As of last May, NASA had 48 active astronauts on its rolls, of which a full one-third are women. To curry favor with Biden’s grievance industry and identity politics backers, NASA is canceling two-thirds of its legacy astronaut corps, who must now pay for the crimes of the likes of John Glenn, Neil Armstrong, and Jim Lovell — the crimes of being white, male, and exceptional. And if they don’t like it? They can quit or accept desk jobs until retirement. If they quit — good riddance — more than 12,000 hopefuls applied for Astronaut Class 23. The “winners” will be announced late this year and may well be the first class to have not only more women than men but more “minority” men than “white” men. Legacy astronauts who choose to stay will likely be given support roles worthy of “allies,” paying penance for their supposed previous enjoyment of white male privilege.

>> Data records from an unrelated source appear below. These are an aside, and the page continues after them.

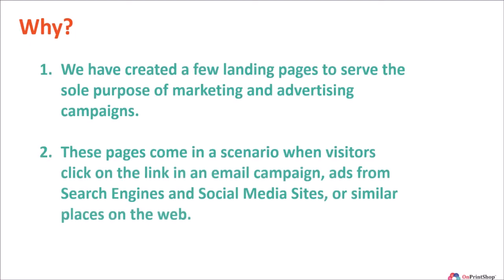We have created a few landing pages to serve the sole purpose of marketing and advertising campaigns. These pages come in a scenario when visitors click on the link in an email campaign, ads from search engines and social media sites, or similar places on the web.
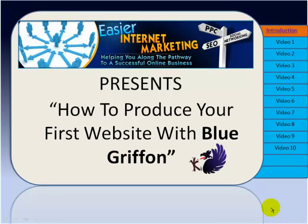Hello and welcome to this video series, How to produce your first website with BlueGriffin presented by Easier Internet Marketing.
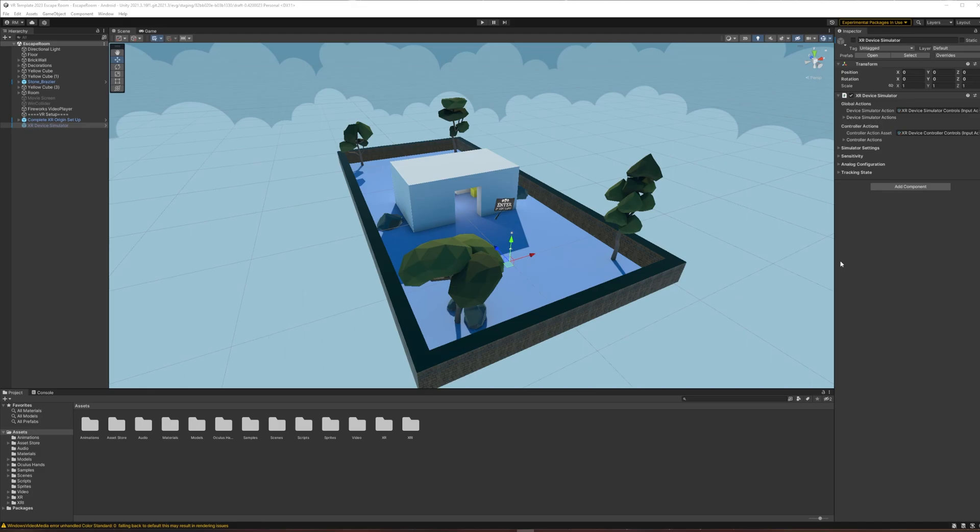In this tutorial we're going to work towards building a VR escape room in Unity, but the first step is to start with a blank project and set up VR support.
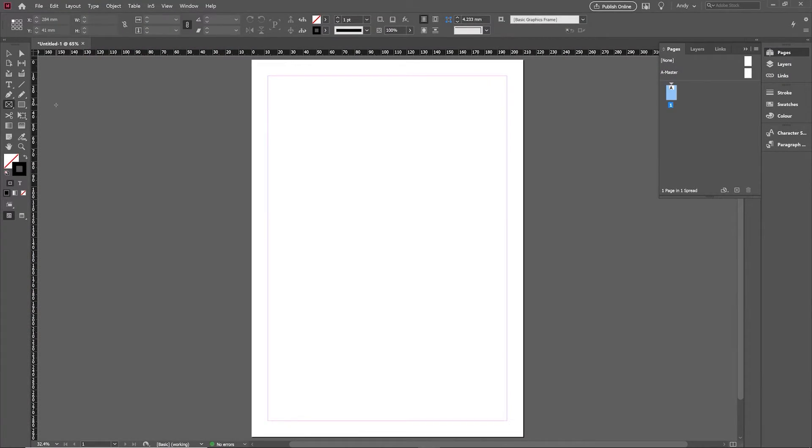Hi, so today's tip is an InDesign one. It's just a little tip on creating multiple grids for frames that are the same size.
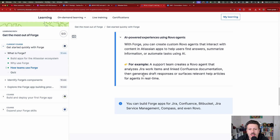And finally, AI-powered experiences using Rovo Agents. With Forge, you can create custom Rovo Agents that interact with content in Atlassian apps to help users find answers, summarize information, or automate tasks. For example, a support team creates a Rovo Agent that analyzes Jira work items and linked Confluence documentation, then generates draft responses or surfaces relevant help articles in real time. In order to build Rovo Agents, you will need to know Forge. So you might think about whether you build a standalone solution in Forge, or leverage Forge to build those agents. I don't know how Atlassian is going to market the sale of agents, but as a developer you should be able to make money both ways.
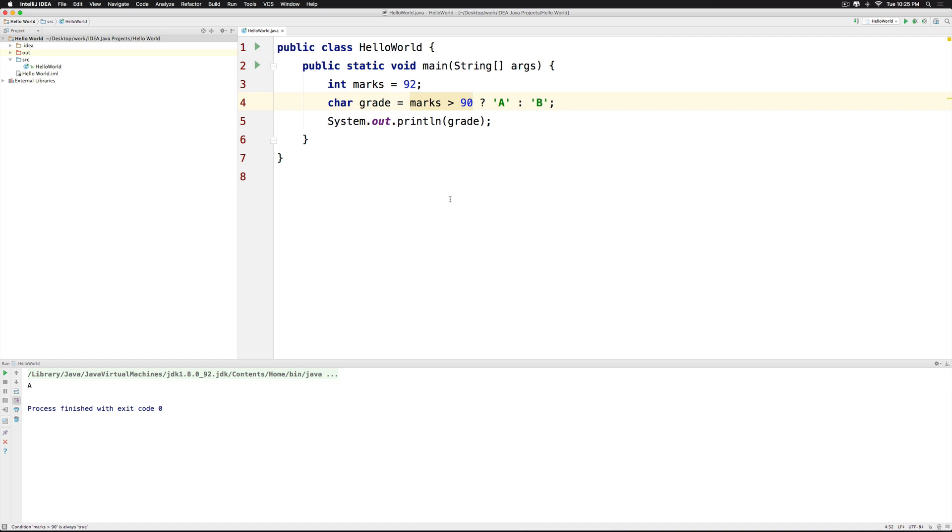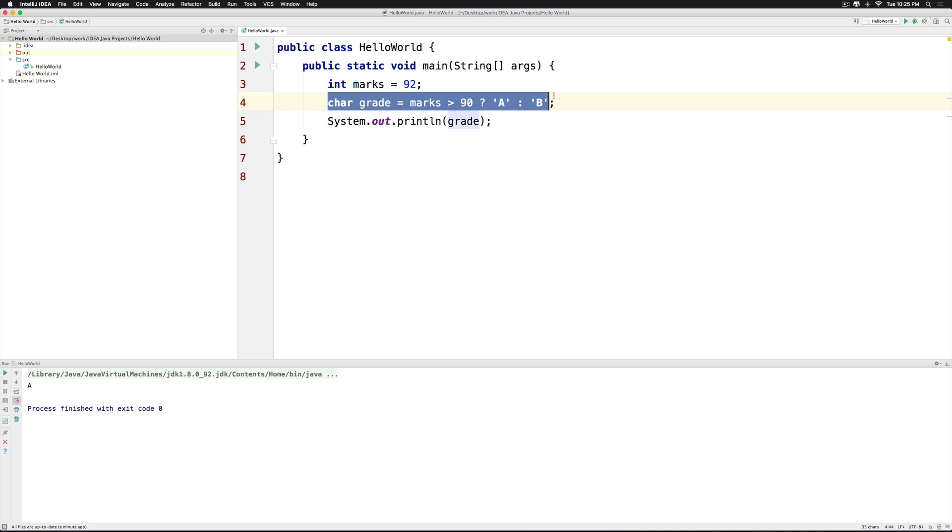Now this ternary operator will be used whenever you write an if else condition that tries to assign different values to the same variable. So keep this in mind before writing if else statements in the future.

Ironically, NASA’s shameful kowtowing to Biden’s woke power brokers hasn’t worked. In exchanging integrity for equity, they’ve prioritized skin color over more objective standards of excellence for nothing. The Biden team is already backing away from funding a 2024 return to the Moon, and it is becoming increasingly unlikely that NASA will be landing anyone, regardless of gender or color, on the lunar surface this decade. Not with Artemis, not with the SLS, and not with Orion.
But while NASA is being buffeted by Biden, commercial aerospace has entered a new era. SpaceX’s reusable Falcon 9 rockets and Dragon spacecraft are poised for routine taxi service to the ISS, ubering crew and cargo with increasing frequency. Last Friday, NASA announced that SpaceX’s Starship has been selected as the Artemis human landing system (HLS) Human Lunar Lander to ferry astronauts either from the Orion spacecraft or the Gateway Space Station to the lunar surface, provide life support for a week of exploration, and return the crew to the Orion for return to Earth. It’s a real game-changer, because the Starship is much more than a “lunar lander.” The Starship is designed to be launched into orbit by a massive “super heavy” first stage, rendezvous with a Starship configured as tanker to refuel, land on the Moon, and then blast off and return to Earth, to be refueled and launched again. It makes the whole SLS/Orion/Gateway architecture obsolete.
And it’s not just SpaceX.
Blue Origin partnered with Draper, Lockheed Martin, and Northrop Grumman to compete with SpaceX for their Artemis lander entry, which could be launched on a United Launch Alliance (ULA) Vulcan rocket. Dynetics’ entry posited a lander that could also be launched by a ULA Vulcan. Even though SpaceX won the contract to first land on the Moon with an uncrewed Starship and safely return to Earth and then ferry an Orion crew to the Moon, NASA may well issue additional “sustainable crewed lunar surface transportation services” to “foster competition and innovation.”
So conceivably, all three aerospace companies could stage a “return to the Moon” mission entirely independent of an embattled NASA and an underfunded Artemis program. Of course, they’ll need astronauts, and if NASA can’t unwoke itself, there will likely be a lot of veteran “legacy” astronauts looking for work over the next few years.